Queda la acusación de machismo. Que no se fundamenta en su obra, habitada por mujeres fuertes (la María y la Pilar de Por quién doblan las campanas, la Catherine de Adiós a las armas, la Brett Ashley de Fiesta) ni en su vida privada (un vistazo a las principales mujeres de su vida revela que le gustaban las del tipo independiente, las que podían pasar por sus iguales intelectuales: tanto la enfermera Agnes von Korowsky, su primer gran amor, como Elizabeth Hadley Richardson, su primera esposa, eran ocho años mayores que él; Martha Gelhorn, su tercera esposa, era una notable corresponsal de guerra y pionera feminista; Mary, su última esposa, también era periodista en activo, y de ella llegó a decir, aunque no sin reluctancia, que escribía mejor que él). La acusación se basa únicamente en la constante exploración que el escritor hizo de una sensibilidad puramente masculina (aunque no por ello antifemenina) y que buscó en actividades tan supuestamente masculinas como el boxeo, la guerra (en la que participó como enfermero, no como combatiente), los toros o la caza. Probablemente no hace falta pegar tiros a los leones o darse de puñetazos en un ring para sentirse masculino, pero eso tampoco te convierte automáticamente en un machista. Y que para no ser machista a uno le tengan que gustar el ballet, el punto de cruz, los cotilleos sobre famosos o las películas tipo Pretty Woman es una cómica ridiculez (tampoco pasa nada porque a uno le gusten esas marico… esas cosas, pero es que eso no tiene nada que ver con el ser o no ser machista). Tampoco su condición de mujeriego incorregible me parece una prueba válida de machismo: sólo prueba que… le gustaban demasiado las mujeres.

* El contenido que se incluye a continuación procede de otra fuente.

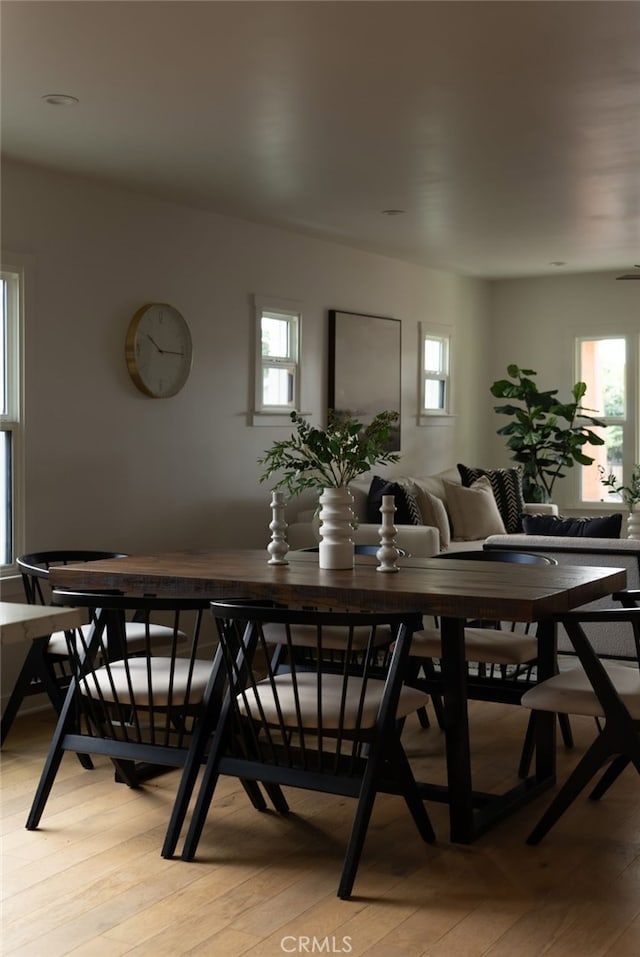 dining space with light wood-type flooring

Claro que Muñoz Molina, antimachista de guardia, no parece opinar lo mismo. Y reprocha a Hemingway tanto despliegue de vitalidad masculina: dice que “a poco que tenga uno un carácter sosegado, o retraído, le espanta y, de antemano le fatiga esa manía de Hemingway por estar en todas partes y por saber hacerlo todo, por participar en guerras y en los sanfermines, por ser un experto en la caza de leones, la tauromaquia, en la preparación de cócteles, en el manejo de las armas”. Vaya, le reprocha que no sea tan sosegado y retraído como él, y que por su culpa la gente crea que un escritor es alguien que tiene que meter la nariz en todas las ollas. Pero es que un escritor tiene que meter la nariz en todas las ollas, porque ¿de qué va a escribir si no?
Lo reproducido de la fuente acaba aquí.